◆ **Goal of the exercise**
Leave the pictures out and repeat the rest of the data below exactly.

*** Information provided ***

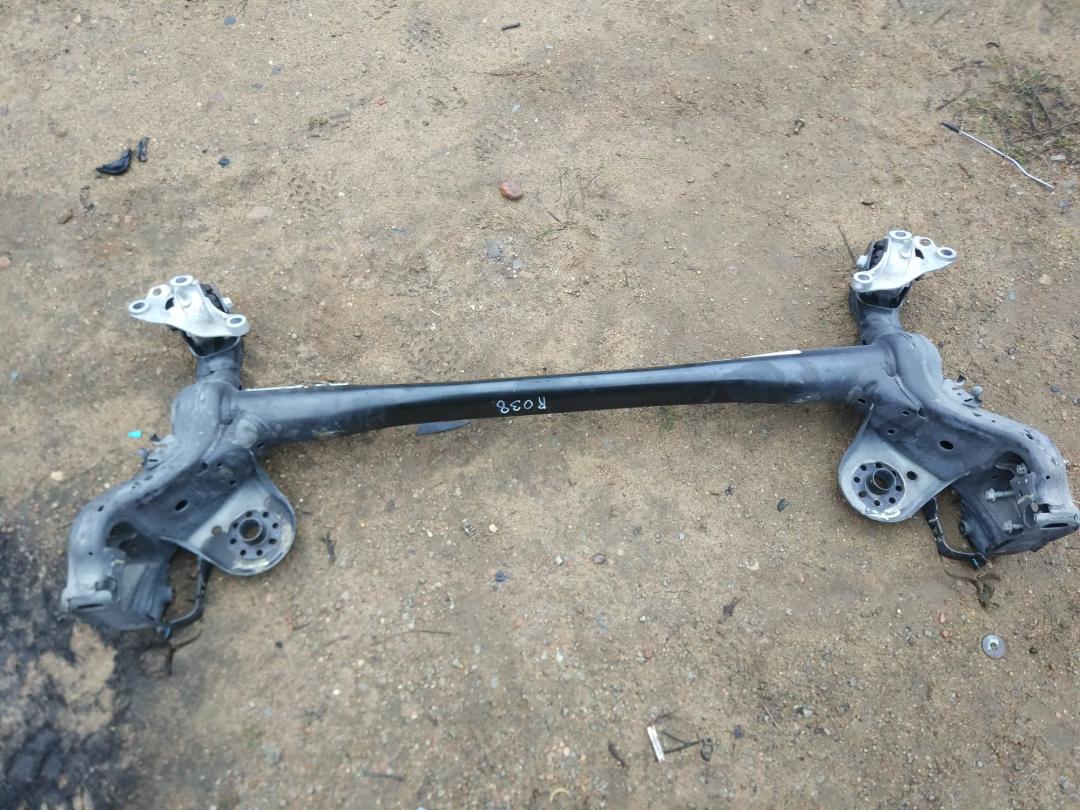 балка подвески задняя Chevrolet Cruze 2 поколение 2017, 1.4 л., бензин, АКПП, седан - фото №1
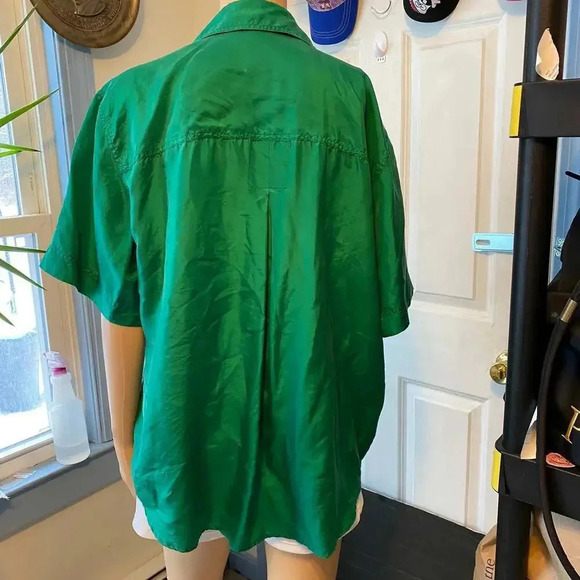 Vintage 90s 100% Silk Buttons up Green Shirt women size 12 - Picture 2 of 7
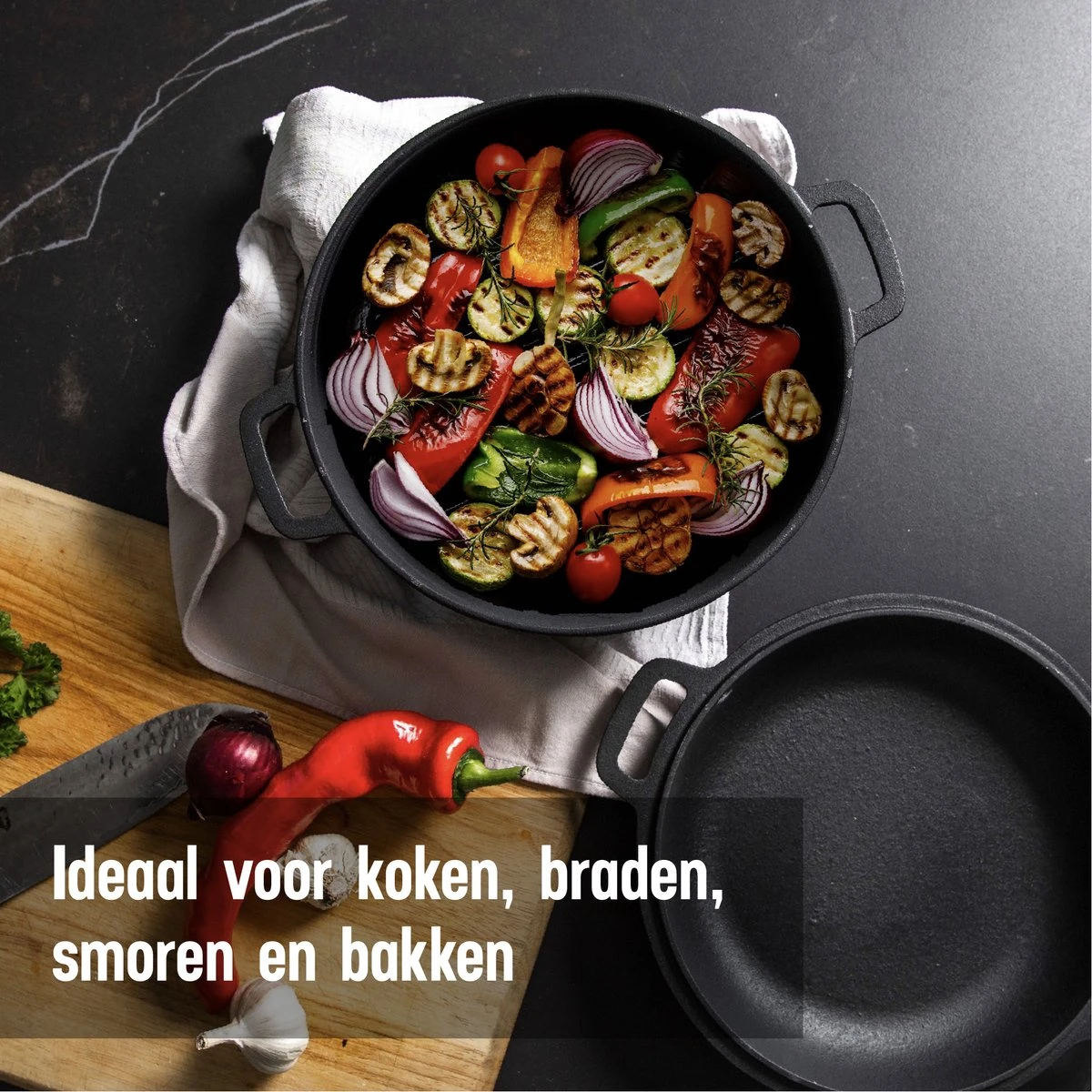 Daumonet Ducasse Gietijzeren Double Use Braadpan - Combi Sudderpan Zwart - 2-in-1 Bak- En Braadpan - PFAS & PFOA Vrij - Rond - Ø 26 Cm - 4,4 Liter - Emaille - Alle Warmtebronnen - Elektrisch - Gas - Halogeen - Inductie - Keramisch 6 Daumonet Ducasse Gietijzeren Double Use Braadpan - Combi Sudderpan Zwart - 2-in-1 Bak- En Braadpan - PFAS & PFOA Vrij - Rond - Ø 26 Cm - 4,4 Liter - Emaille - Alle Warmtebronnen - Elektrisch - Gas - Halogeen - Inductie - Keramisch - Afbeelding 4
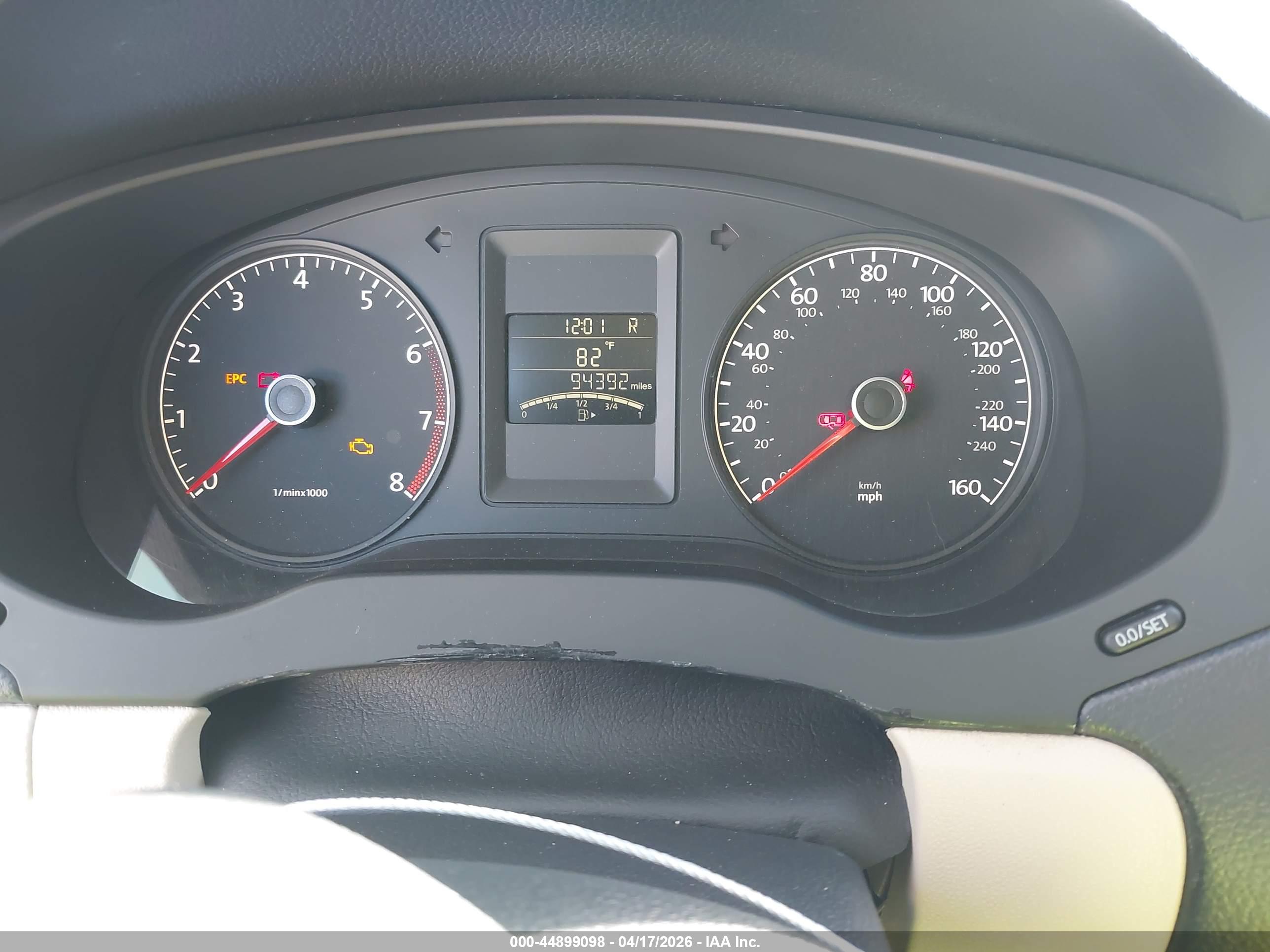 VOLKSWAGEN JETTA image 7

*** End of Information provided ***

◆ **Solved problem**
 балка подвески задняя Chevrolet Cruze 2 поколение 2017, 1.4 л., бензин, АКПП, седан - фото №1
 Vintage 90s 100% Silk Buttons up Green Shirt women size 12 - Picture 2 of 7
 Daumonet Ducasse Gietijzeren Double Use Braadpan - Combi Sudderpan Zwart - 2-in-1 Bak- En Braadpan - PFAS & PFOA Vrij - Rond - Ø 26 Cm - 4,4 Liter - Emaille - Alle Warmtebronnen - Elektrisch - Gas - Halogeen - Inductie - Keramisch 6 Daumonet Ducasse Gietijzeren Double Use Braadpan - Combi Sudderpan Zwart - 2-in-1 Bak- En Braadpan - PFAS & PFOA Vrij - Rond - Ø 26 Cm - 4,4 Liter - Emaille - Alle Warmtebronnen - Elektrisch - Gas - Halogeen - Inductie - Keramisch - Afbeelding 4
 VOLKSWAGEN JETTA image 7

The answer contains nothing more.